John I think you are missing a key distinction in Norman’s argument (either that or I’m projecting one into his argument.) Many of the key evils being complained about with respect to the war in Iraq has been things like the kidnapping and beheading of civilians, the use of civilians as human shields by the insurgents, the not-sufficient discrimination of US soldiers between combatants and non-combatants. I believe that one of Geras’ points is that these evils are being caused by the fact that the Iraqi insurgents choose to avoid following the rules of war. They intentionally endanger civilians, they intentionally hide behind them, they intentionally bomb civilian targets.
Equally shocking, Dan, is that you failed to denounced Brian’s lying and proto-fascism upthread. Of course you wouldn’t, since your whole post consists of a smear. Jet: You’ve been reading the Crooked Timber comment boards long enough to know that abb1’s opinions are not typical of anyone except abb1. I expect better from you.

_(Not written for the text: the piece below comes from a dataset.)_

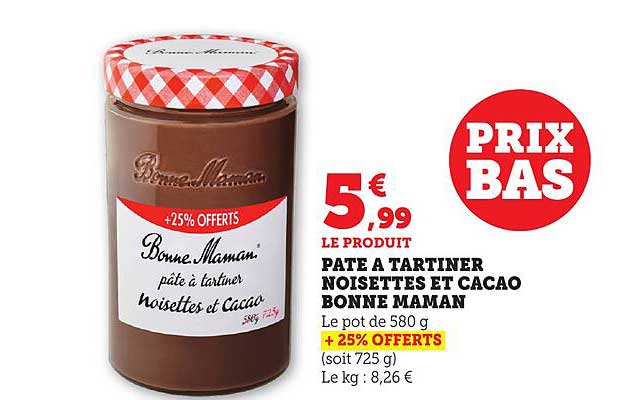 PATE A TARTINER NOISETTES ET CACAO BONNE MAMAN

Donald, I’ve read much of that, thanks. When you feel like putting those items into a coherent logical argument for the anti-war position, I’ll respond. As far as I know, an accusation that “You don’t know what your talking about” has little probative value. If you disagree, try this: I’ll concede that I don’t know what I’m talking about – does this make your position that the war was not justified more or less true? I’ve said it before: the left signed its own death warrant when it stopped teaching undergrads logical reasoning. You make it so much easier for non-leftists to tear your arguments apart.
Donald, I’ve read much of that, thanks. When you feel like putting those items into a coherent logical argument for the anti-war position, I’ll respond. As far as I know, an accusation that “You don’t know what your talking about” has little probative value. If you disagree, try this: I’ll concede that I don’t know what I’m talking about – does this make your position that the war was not justified more or less true? I’ve said it before: the left signed its own death warrant when it stopped teaching undergrads logical reasoning. You make it so much easier for non-leftists to tear your arguments apart.

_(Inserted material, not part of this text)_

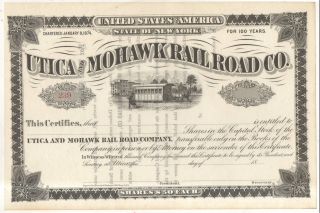 Utica And Mohawk Railroad Co Trolley Horse Car Ny York Stock Certificate photo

Kevin, I’ll think about it. Thanks.
The pro-war side, Geras included, rest their arguments on two claims that seem far from being a given. Firstly on a minor note: the murderousness of the Ba’ath regime, in terms of the people we can expect it to kill, are based on an historical average. But the regime was more murderous at some times (earlier) than others. It’s almost the equivalent of taking the average number of people killed throughout Soviet history and saying we could expect Brezhnev to kill about a million people a year. Saddam’s regime was weakened after 1991. Certainly, he had very little control or even presence in the Kurdish areas. But if the justification is that more lives would be saved with war than without, something other than a historical average is needed to make the case. Secondly and more importantly, there’s the assumption that there was no way to get rid of him without a war. If anything, the invasion showed how weak the regime was. Notice some proponents of the war such as Hitchens move back and forth between claiming that we had to go in because it could not be removed otherwise and claiming that we had to go in because it was a failed state on the brink of collapse. Saddam was clearly bluffing on WMDs, whether to keep the Shi’a in line or keep Iran at bay is unclear. It maybe the case that war was needed, but this is assumed and not argued in prowar claims.
I believe that legally, if not morally, anyone who contributes a necessary condition for an injury to take place is completely responsible for that injury. If Mr. A cuts your brakelines and Mr. B puts LSD in your coffee then you get in a car crash, they are not each 50% responsible. They are each 100% responsible. So, Churchill and Hitler are both 100% responsible for the firebombing of Dresden. Of course, in international law, the side that is responsible is the side that is not strong enough to assign blame.
Mark, anyone who can’t extract from Donald’s post the claim that Iraq is not now better off than it was under Saddam probably also needs some remedial classes in something (comprehension, perhaps?). Since the key claim of your earlier post – I disagree that the net suffering would have been less had Saddam been left in power – was that Iraqis were now better off, pointing to evidence that shows that they’re not does constitute a refutation of your argument, by showing one of your premises is not true. Also, you commit the error of assuming that people who opposed the war wanted the situation existing before it to continue: when you find someone who claimed that the sanctions regime was perfectly acceptable, didn’t need reform, and still opposed the war, let me know. There were alternatives, like reforming the sanctions, supporting genuine opposition groups, buying Saddam off like in the eighties. Not that I think that continuing the sanctions as they were wouldn’t have been better than this mess.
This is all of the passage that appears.